I recently invited member artists of
a local association to create work for an exhibition in response to the theme
‘Fire’. Many of the participants went with the first image that came to their
minds as they considered the theme. They approached Fire as an object. Among the works submitted were various versions of these
images: cats contemplating a fireplace, people sitting around campfires,
still-life images of objects illuminated by candlelight or lamplight.
Others, however, took the creation
process further to consider other possibilities. One painter showed a dragon
spewing fire, in another’s work a phoenix burst into flames, in a third,
candles burned as if for a religious ritual. There were numerous forests being consumed
by yellow and red flames (a propos given the forest fires that raged in western
Canadian provinces this summer), and volcanoes erupting. They rendered Fire as
a subject, broadening it
Then there were images that dug further
still not just to describe Fire as an objector or as an action but to capture sensation
or emotion. One painter rendered a flamenco dancer at the height of her passion.
Another represented hot peppers as they waited on plates or in a shopping
basket. A third captured the wisps of smoke from a dying – or igniting - oil
lamp wick. A fourth pictured Johnny Cash’s ‘Ring of Fire”. Another showed the
burning of a funeral pyre in India, a Sati (or Suttee, a banned practice where
a widow burns with her deceased husband).
Some abstracted their Fire. They
focused on the way that reds, yellows, blues and other colours interact as a
fire burns, on the movement of the flames and on the transparency of the smoke.
Neither on object nor subject, they rather focused on expressing the elements
of fire through their medium, oil, watercolour or acrylic for instance, and
through their usage. The painterly technique itself is what conveyed the
image’s meaning.
During a critique of their
exhibition, many of the artists revealed that they had little direct or current
experience with fire. Candles and fireplaces or memories of long-ago campfires
were about the limit of their contact. This led us to a discussion about the
levels of thinking involved in the interpretation of an idea in art. As seen
from the descriptions above, artists have many choices in considering how they
will approach a subject: form the common (or popular), to literal (or
descriptive), to representational (descriptive + subtly experiential) to
interpretative (personally and expressively experiential) to conceptual (or
philosophical and universal). Or all of them combined.
It’s important for artists to
understand their relationship to their subjects, just as they understand their
relationships to their tools, media, techniques and styles.
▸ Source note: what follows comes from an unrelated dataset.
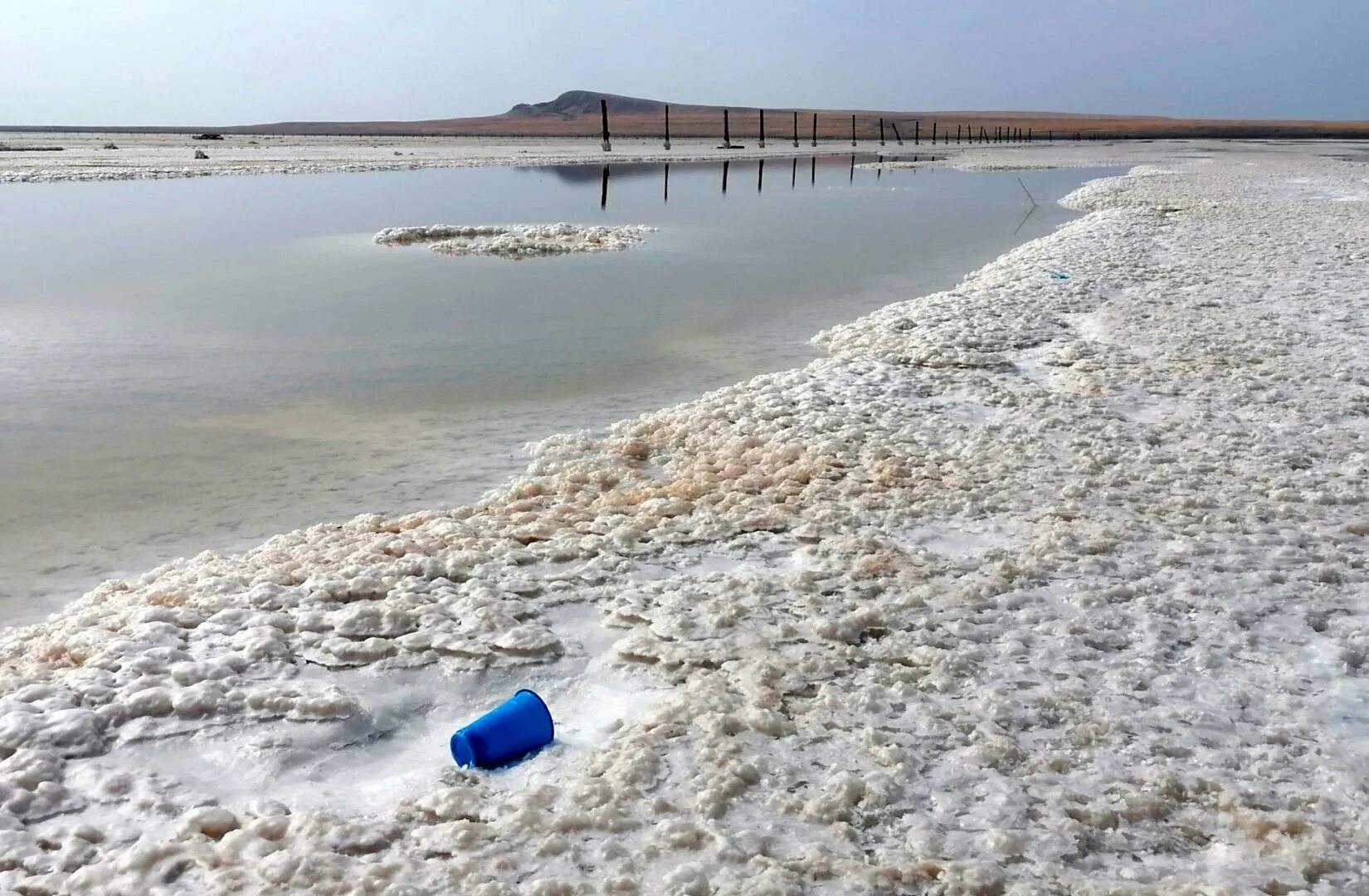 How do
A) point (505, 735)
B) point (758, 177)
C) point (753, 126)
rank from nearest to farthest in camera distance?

There is a difference
between the image, sensation or emotion that arises out of artists’ lived
experiences (being burned by a match as a child, or causing a fire or falling
in love before a fireplace for instance) to a subject suggested by observation,
contemplation or a call-for-submissions (watching a cat laze before a fire or my
imposing a fire theme on artists who have little current or personal experience
with it). In other words, are artists approaching their images as an expression
of personal truth or as a contemplation of a more objective truth, or both?
The most successful images long-term
combine lived/felt experience with a broader, more profound understanding of
what that image might convey beyond the obvious or the expected.